The Orion pressure vessel, which is the vehicles primary structure that will hold a pressurized atmosphere for the astronauts, consists of seven large aluminum pieces that are welded together using a state-of-the-art process called friction-stir welding. This process produces incredibly strong bonds by transforming metal into a plastic-like state, then uses a rotating pin tool to forge a bond between two metal components.
This helps ensure that the structure of the Orion spacecraft is strong, light-weight and air-tight, something that is essential to next-generation spacecraft. And while it has meant that the construction and assembly process of the Orion has been a long journey, the extra care NASA is taking to prepare their capsules will ensure that they can keep their astronauts safe and withstand the harsh environment of deep space.
(Excerpt) Read more at universetoday.com ...
Why send it unmanned? Surely there are folks that would love to make the trip. Heck, I’ll volunteer.
High energy radiation just blows through it.
Wonder id they are storing water between the shells of the walls, or if the water storage will be up front?
Smart money would ship extra water and air up then add it as a module to the craft.
Id prefer the dragon.
Which really begs the question, how exactly did they do it before...
The original Orion was a system developed by a Freeman Dyson. It used nuclear bomb explosions that could propel a large craft loaded with gear and people to mars in weeks rather than months.
I’d go, but as fat as I am I’d have to buy two tickets.
Aluminum can block or repel about 25% of cosmic radiation. They're using plastics now with much better results. They're building capsules with layers of materials to protect astronauts, and materials sciences are moving quickly toward better protection measures for astronomical applications.
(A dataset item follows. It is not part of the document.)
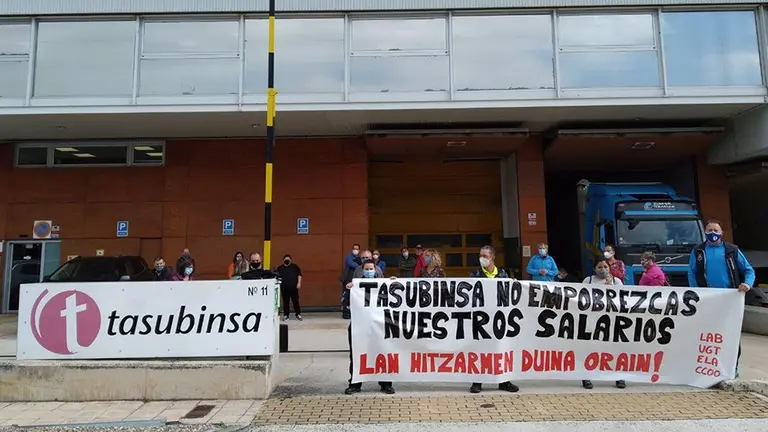 06/10/2020 El comité de empresa de Tasubinsa se concentra para reclamar un convenio "digno"..

El comité de empresa de Tasubinsa, compuesto por LAB, UGT, ELA y CCOO, se ha concentrado este martes ante las oficinas generales de la compañía para reclamar un convenio "digno" y protestar por "la negativa de la dirección de la empresa a asumir la plataforma de mínimos" presentada por los sindicatos.

ECONOMIA ESPAÑA EUROPA NAVARRA
COMITÉ DE EMPRESA DE TASUBINSA
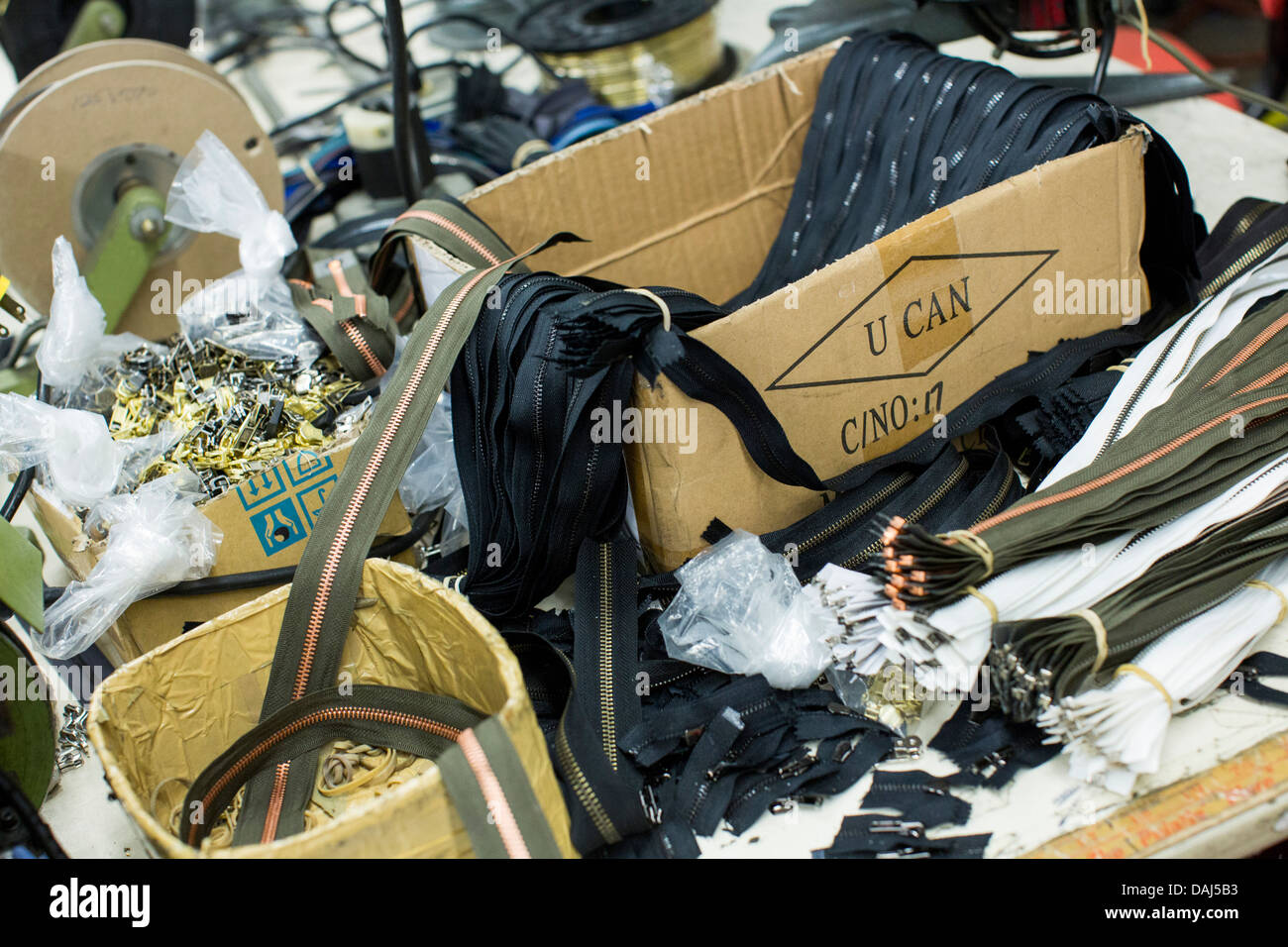 The UCAN zipper factory in downtown Los Angeles Stock Photo Alamy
Its the mass, not the weight.
What I would like to know and I know it is a lot bigger than the Apollo capsule. What are the 3 or 4 astronauts are going to do during a several months space flight to Mars?
That’s what I thought they were referring to when I saw the headline.
Three I don’t know. They’d need a fourth for Bridge...
Lots of sleep. Lots of vitual reality headset time. Books, movies, twitter, youtube...you can put the whole internet on a handful of thumb drives these days...
Astronaut long term exposure outside Earth’s magnetosphere (the Apollo astronauts were only vulnerable for a week or so and the ISS orbits well within the protective field) is something seldom noted in “Let’s go to Mars and then mine the Asteroid Belt” articles. Perforation by micro-meteoroids moving at a few miles per second is another potential “Whoa, s***!” reality of space that you never see in the movies.
They’d have to exercise a lot just to keep from wasting away.
If you’re moving fast enough to get to Mars in weeks, how are you going to slow down when you get there?
NASA and safety engineers require an initial unmanned test flight to qualify a new spacecraft for manned flight.
Project Orion craft would have carried water between dual hulls in the millions of gallons. They were not the fragile ships/capsules used today. Inter-system ships would have had a crew of 150. The interstellar version would have had a crew in the thousands ... the bigger they were the better they would have worked.
Motto: Mars by 1964, Venus by 1970
That’s how far behind we have fallen.
everal months space flight to Mars
—
Years. not months
Yes they slow down for the second half.